The present invention relates in general to sewing machines and in particular to a new and useful controlling mechanism for the step motor of a sewing machine which utilizes stored digital information to produce different stitch patterns.
Electronically controlled sewing machines preferably have step motor drives to control the alteration of the lateral swing-out motion of the needle bar and the feeding motion of the cloth feeder because such drives are excellently suited for the conversion of the digitally stored stitch information. The transmission ratio between the step size of the step motor and the respectively driven element must be selected so that, at a fine enough gradation of the adjusting motion, the adjustment of the driven element within the maximum adjustment range can be made fast enough within the time available. However, under certain conditions the existing gradation from step to step is insufficient. A further division is then necessary.

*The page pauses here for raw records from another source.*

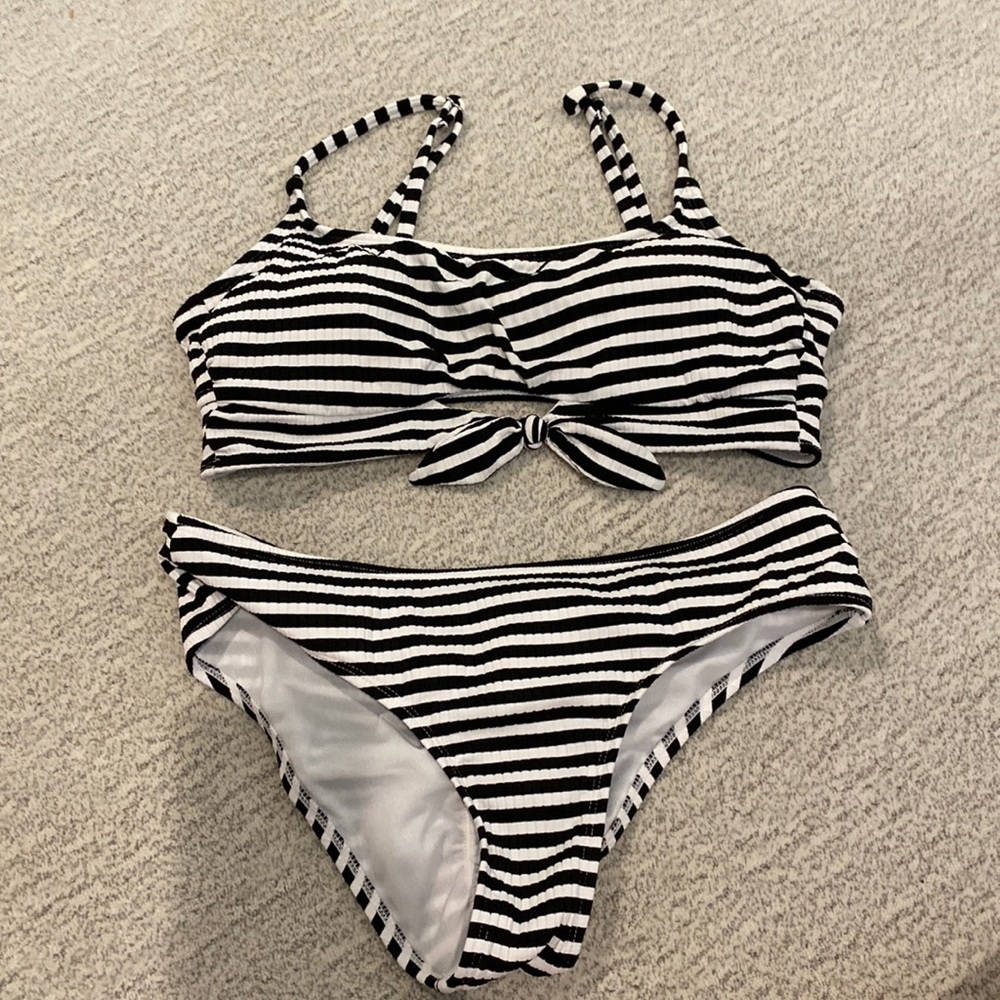 Bathing suit
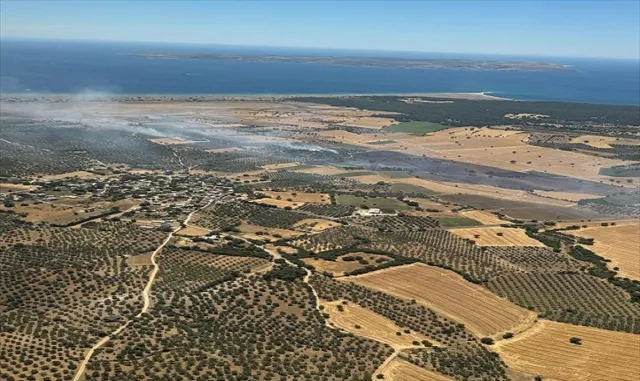 GÜNCELLEME - Çanakkale’de tarım arazisinden bozuk orman alanına sıçrayan yangın kontrol altına alındı GÜNCELLEME - Çanakkale’de tarım arazisinden bozuk orman alanına sıçrayan yangın kontrol altına alındı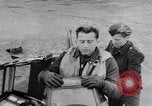 Standbild Kämpfer Messerschmitt Me-109 oder Me-110 Ärmelkanal Atlantischer Ozean, 1944, aus Sekunde 54 historischem Filmmaterial Videoclip 65675028707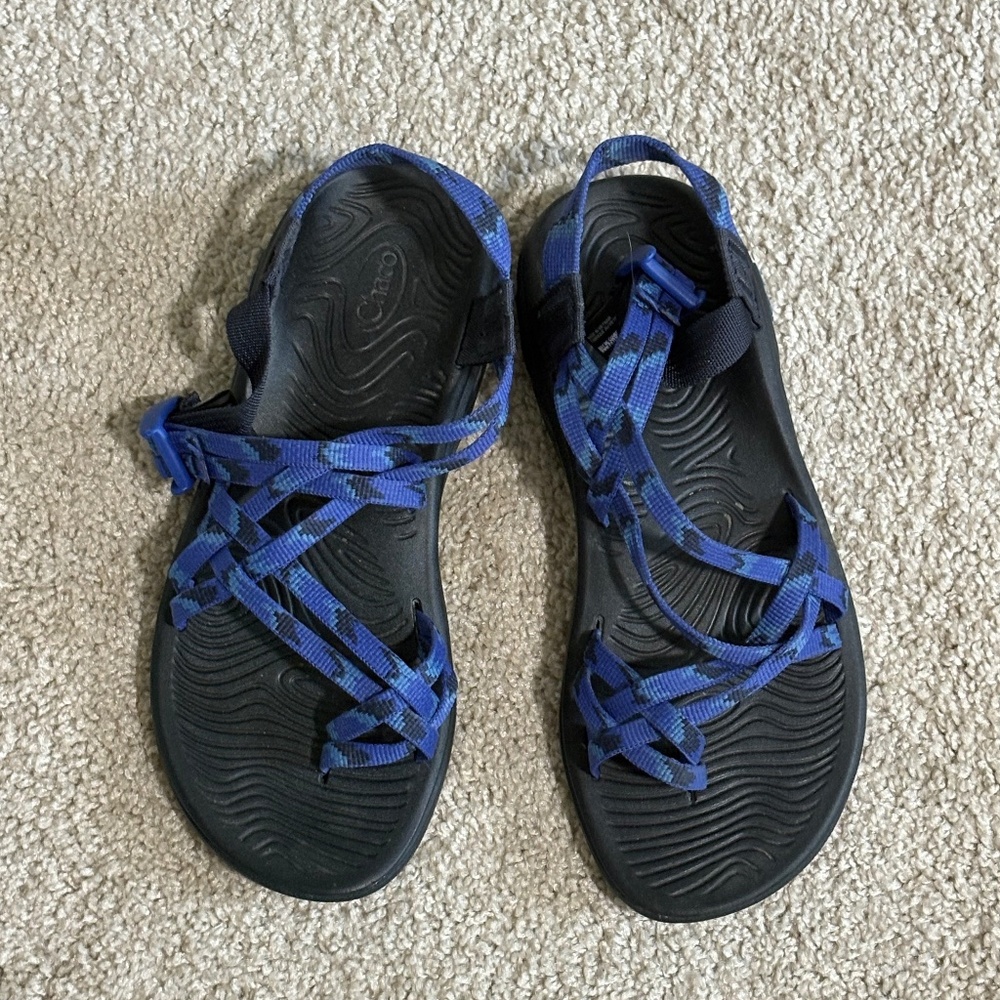 Womens Chacos Dual Adjustable Straps - Size 8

In one known sewing machine (U.S. Pat. No. 4,191,120), the step setting of the step motor to alter the transport motion of the sewing machine can be corrected manually. This is done by energizing the two phase windings of the step motor differently by means of two potentiometers. Due to this measure, the adjustment of the cloth feed control element can be divided further within the minimum feed range. Due to the better fine adjustment of the control element, better sewing results can be obtained, especially when feeding steps near the zero transport range are made for both forward and backward sewing. The differences resulting in this range between forward and backward feeding, depend upon the type of material to be sewn and upon the operating mode of the cloth feeder so that adjustability must be provided if the quality of the sewing work to be performed is not to suffer. This difference also depends on the exact factory-set step setting of the step motion of the zero transport position of the control element.
Such a correction is especially necessary when sewing patterns are involved which contain a multiplicity of stitches to be made in the one as well as in the other transport direction. In such cases, every feeding difference between the two transport directions, not recognizable in individual stitches, shows as cumulative error which can make the sewing result useless.
The above mentioned known sewing machine solves the problem only very imperfectly because the fine adjustment is restricted only to the minimum feed range of the sewing machine. When set to longer stitch lengths, a correction for the exact execution of forward and backward stitches of the same size is not possible.